PROVIDED ENTRIES below:

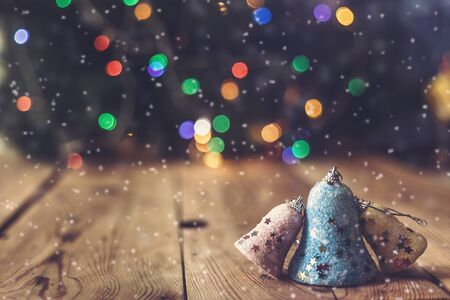 Christmas decor with bright bokeh lights. Magic Winter at Christmas Time. Xmas decoration with Christmas toys and balls on vintage wooden desk. Advent Christmas Decorations. Copy space for text and adの写真素材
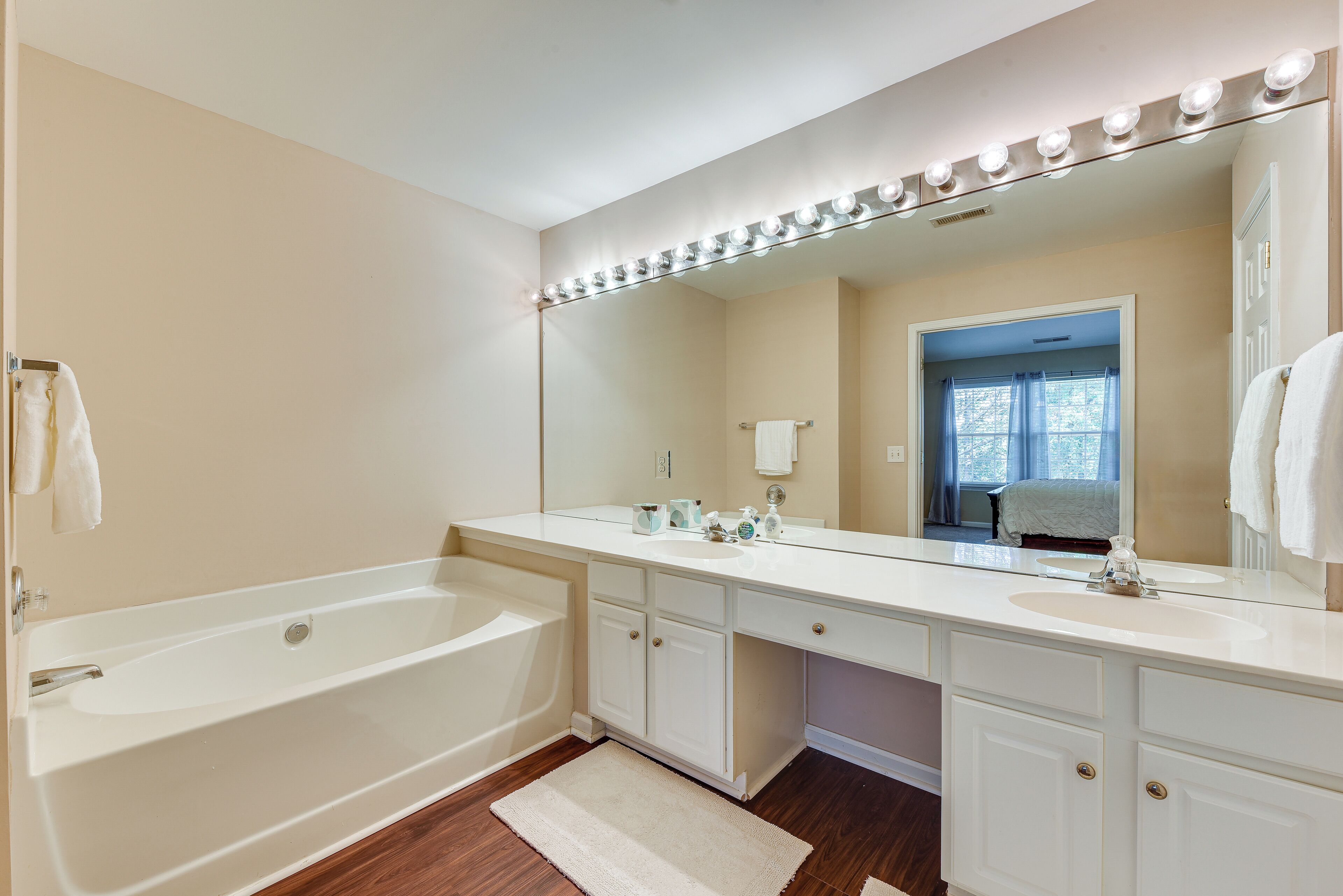 A bathroom with a bathtub, vanity with a large mirror, and a window with curtains.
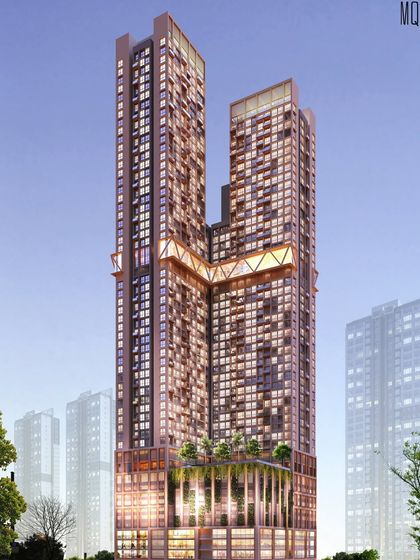 A nighttime render of the mixed-use residential tower, highlighting the illuminated sky-bridge and the vibrant retail podium.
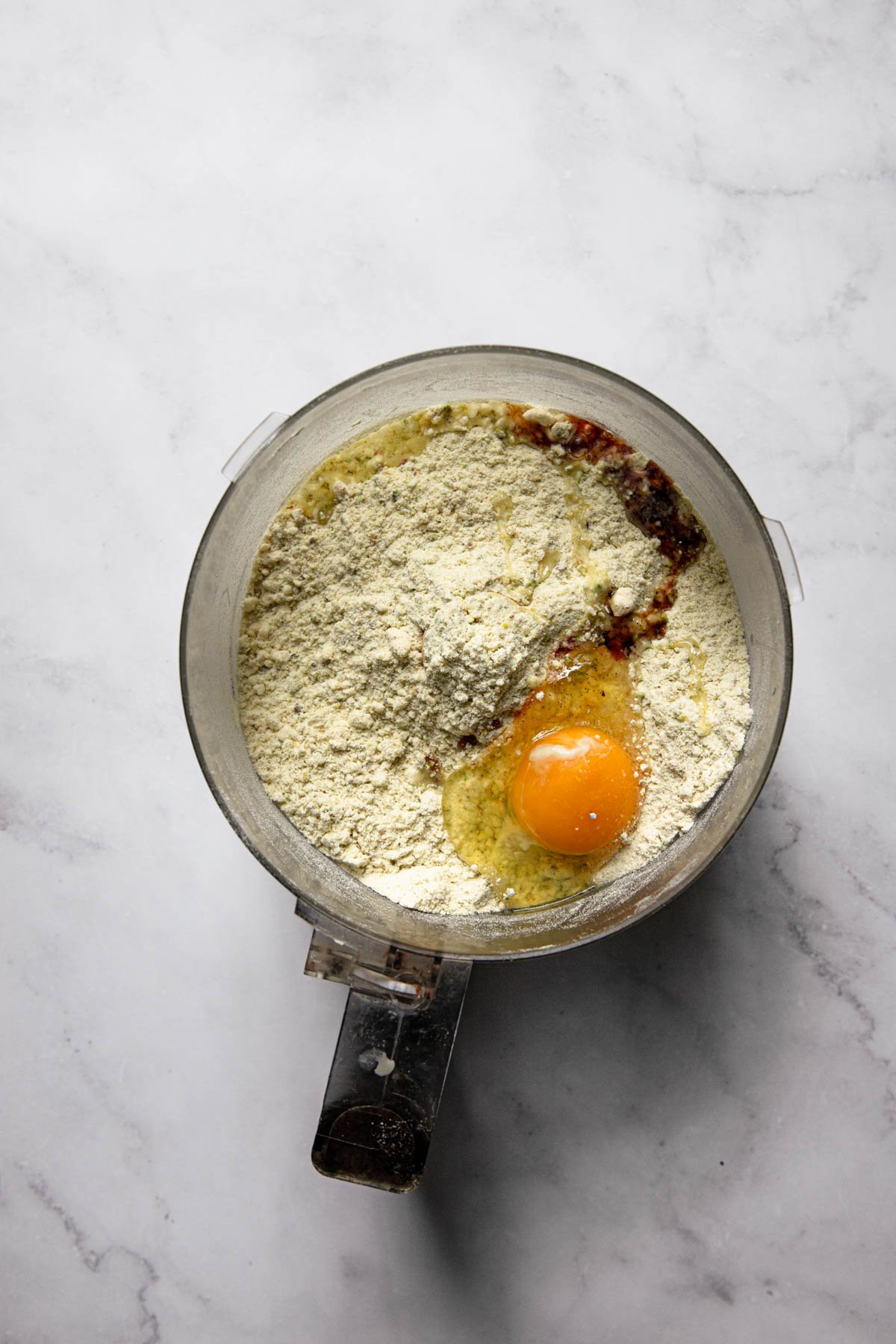 A food processor bowl with flour mixture, egg and vanilla extact.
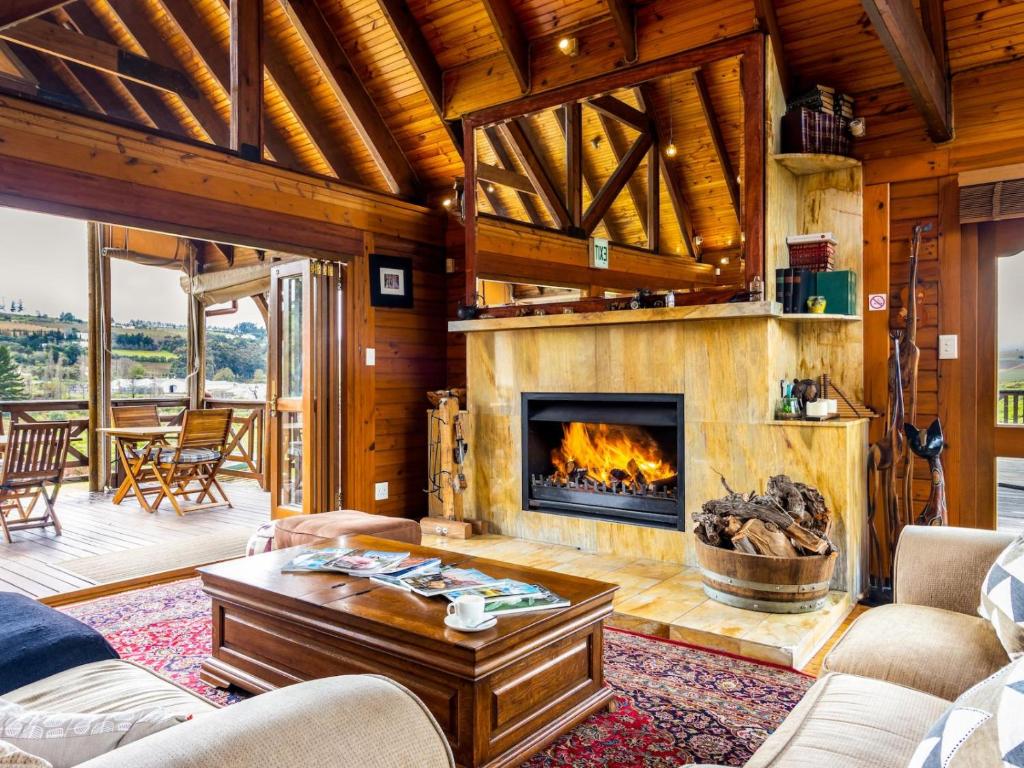 斯泰伦博斯The Log Cabin Lodge的带壁炉的客厅。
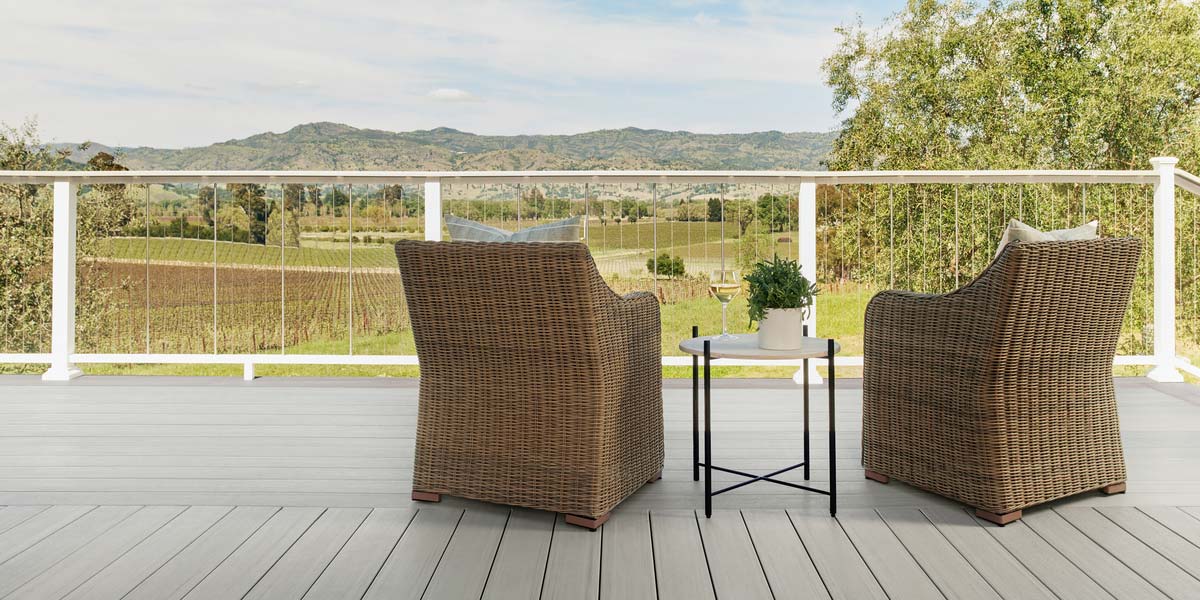 Two wicker chairs on deck with white Impression Rail Express rail with a vertical cable rail infill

End of PROVIDED ENTRIES.

Only the lines from the first line of the entries through the line containing "A bathroom with" should be output, exactly as they are, without pictures.

COMPLETED EXERCISE:
 Christmas decor with bright bokeh lights. Magic Winter at Christmas Time. Xmas decoration with Christmas toys and balls on vintage wooden desk. Advent Christmas Decorations. Copy space for text and adの写真素材
 A bathroom with a bathtub, vanity with a large mirror, and a window with curtains.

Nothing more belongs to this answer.